> [Prompt]: Find the line with "Viet Nam tapioca starch 1" in the entries below, then reproduce it and every line after it down to and including the line with "Tak hanya dimakan", exactly.

> [Record set]:

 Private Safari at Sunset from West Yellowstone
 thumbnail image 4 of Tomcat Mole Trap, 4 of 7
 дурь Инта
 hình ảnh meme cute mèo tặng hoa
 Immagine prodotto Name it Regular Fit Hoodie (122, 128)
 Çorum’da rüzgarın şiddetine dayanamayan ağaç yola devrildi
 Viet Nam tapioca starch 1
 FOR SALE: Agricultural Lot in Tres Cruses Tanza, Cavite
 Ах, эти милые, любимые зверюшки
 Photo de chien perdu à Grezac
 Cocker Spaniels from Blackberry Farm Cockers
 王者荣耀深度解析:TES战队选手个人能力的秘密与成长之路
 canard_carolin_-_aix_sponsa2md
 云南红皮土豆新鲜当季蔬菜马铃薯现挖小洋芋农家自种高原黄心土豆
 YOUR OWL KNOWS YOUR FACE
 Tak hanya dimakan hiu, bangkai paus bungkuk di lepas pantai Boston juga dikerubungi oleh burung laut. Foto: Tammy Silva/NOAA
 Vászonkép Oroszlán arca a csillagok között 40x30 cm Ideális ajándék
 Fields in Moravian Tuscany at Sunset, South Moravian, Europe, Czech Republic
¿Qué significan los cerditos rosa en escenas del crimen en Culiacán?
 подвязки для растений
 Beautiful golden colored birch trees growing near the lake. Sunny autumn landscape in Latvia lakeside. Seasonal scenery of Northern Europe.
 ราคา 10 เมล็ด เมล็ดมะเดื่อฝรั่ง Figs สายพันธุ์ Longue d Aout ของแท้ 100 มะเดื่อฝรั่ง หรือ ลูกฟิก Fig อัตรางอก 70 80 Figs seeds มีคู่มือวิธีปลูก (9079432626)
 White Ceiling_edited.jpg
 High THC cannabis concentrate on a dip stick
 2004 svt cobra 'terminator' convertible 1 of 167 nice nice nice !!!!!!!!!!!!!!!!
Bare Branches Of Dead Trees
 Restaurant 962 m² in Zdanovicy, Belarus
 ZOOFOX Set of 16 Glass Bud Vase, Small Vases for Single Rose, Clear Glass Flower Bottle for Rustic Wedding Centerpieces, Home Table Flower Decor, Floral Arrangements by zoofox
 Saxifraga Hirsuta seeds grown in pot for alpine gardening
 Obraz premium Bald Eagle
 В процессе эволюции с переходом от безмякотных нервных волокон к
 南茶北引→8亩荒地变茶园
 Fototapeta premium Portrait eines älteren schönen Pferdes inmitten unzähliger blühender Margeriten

> [Solution to this task]:
 Viet Nam tapioca starch 1
 FOR SALE: Agricultural Lot in Tres Cruses Tanza, Cavite
 Ах, эти милые, любимые зверюшки
 Photo de chien perdu à Grezac
 Cocker Spaniels from Blackberry Farm Cockers
 王者荣耀深度解析:TES战队选手个人能力的秘密与成长之路
 canard_carolin_-_aix_sponsa2md
 云南红皮土豆新鲜当季蔬菜马铃薯现挖小洋芋农家自种高原黄心土豆
 YOUR OWL KNOWS YOUR FACE
 Tak hanya dimakan hiu, bangkai paus bungkuk di lepas pantai Boston juga dikerubungi oleh burung laut. Foto: Tammy Silva/NOAA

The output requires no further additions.